EXERCISE INSTRUCTIONS → Leave the pictures out and reproduce, exactly, the lines from the one with "カナダのお客様もかりゆしウェア" through the end of the entries below.

DATA FOR THE TASK →
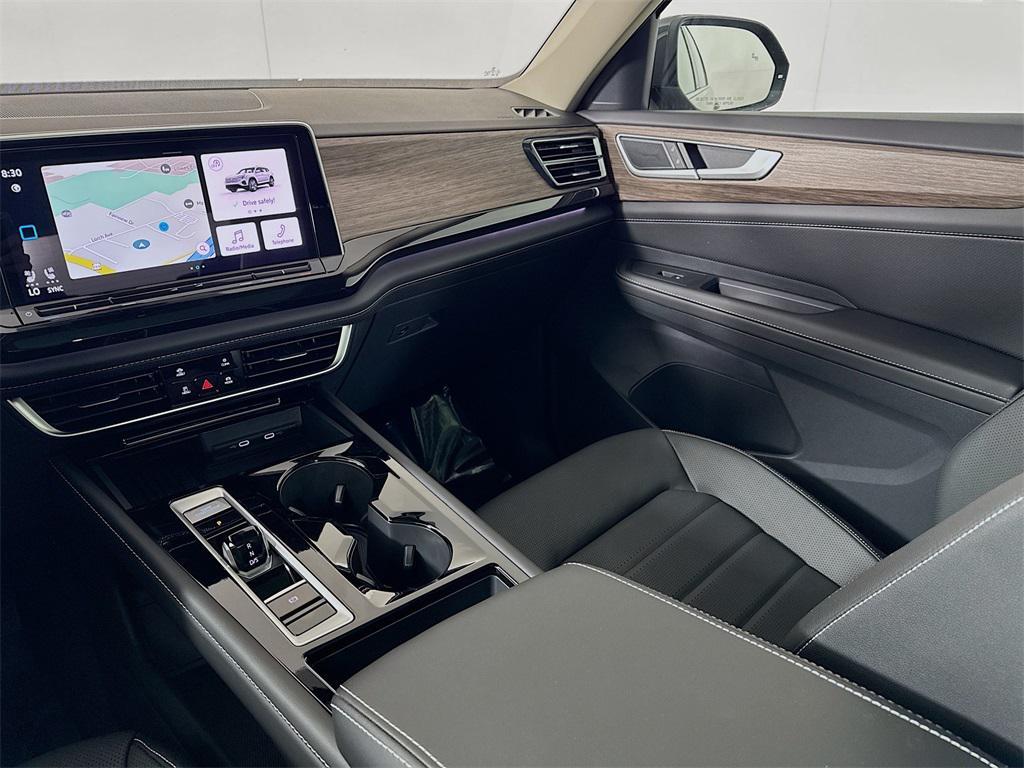 new 2025 Volkswagen Atlas car, priced at $50,107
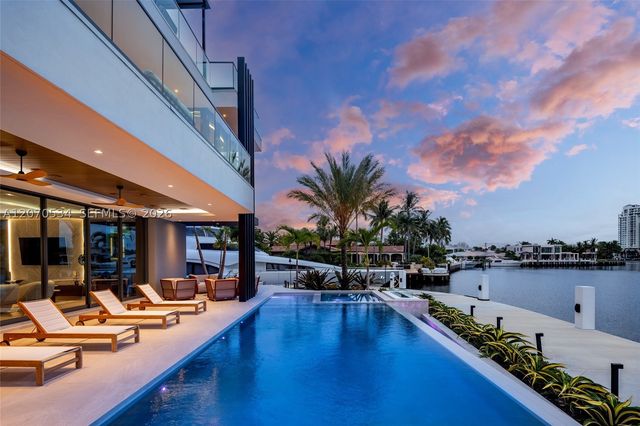 1400 W Lake Dr, Fort Lauderdale, FL 33316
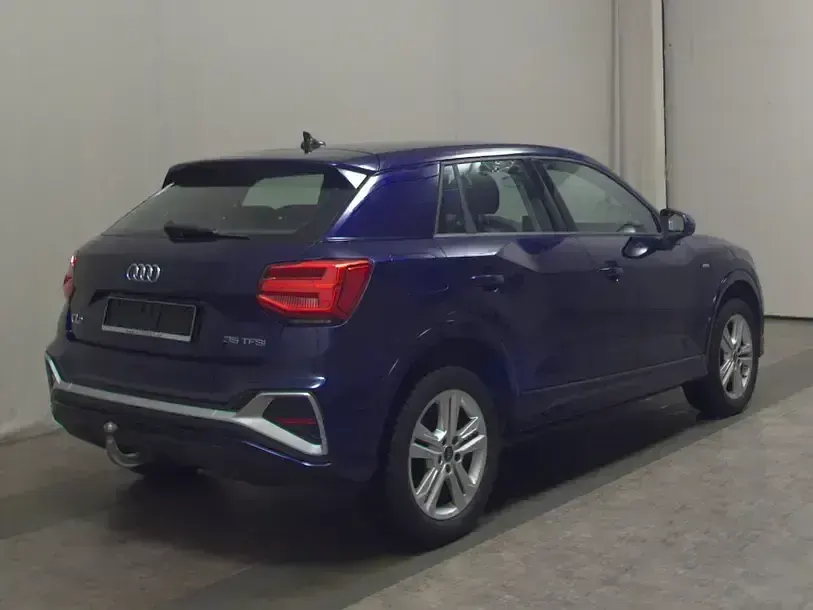 Gebraucht Audi Q2 S-Line 150 PS (110 kW) 2023 Blau SUV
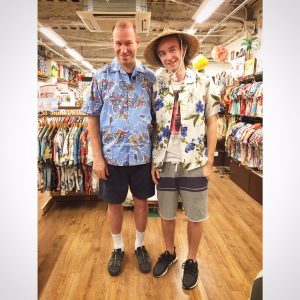 カナダのお客様もかりゆしウェア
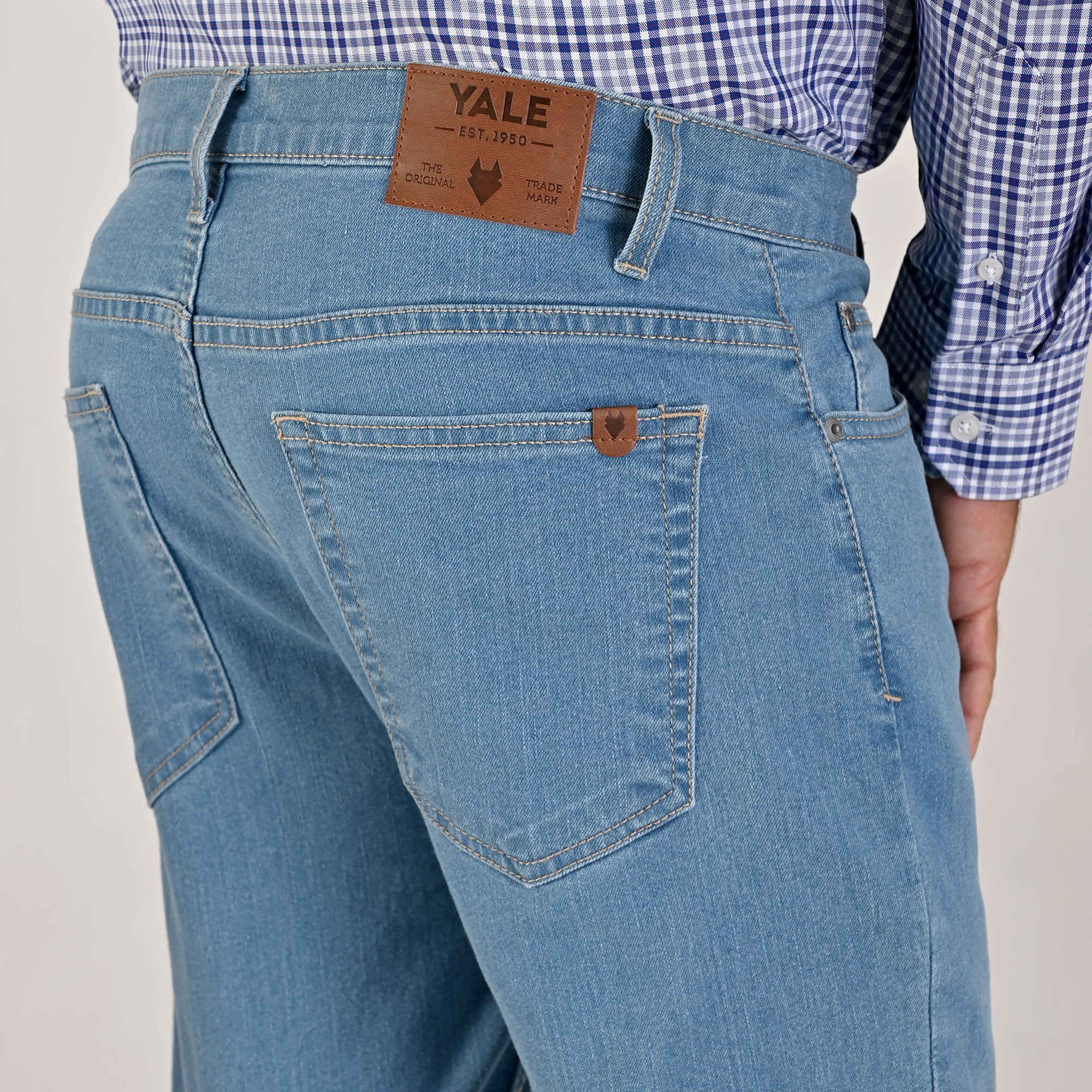 Pantalón de Mezclilla Yale Regular Fit A819 Azul Claro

RESPONSE AREA →
 カナダのお客様もかりゆしウェア
 Pantalón de Mezclilla Yale Regular Fit A819 Azul Claro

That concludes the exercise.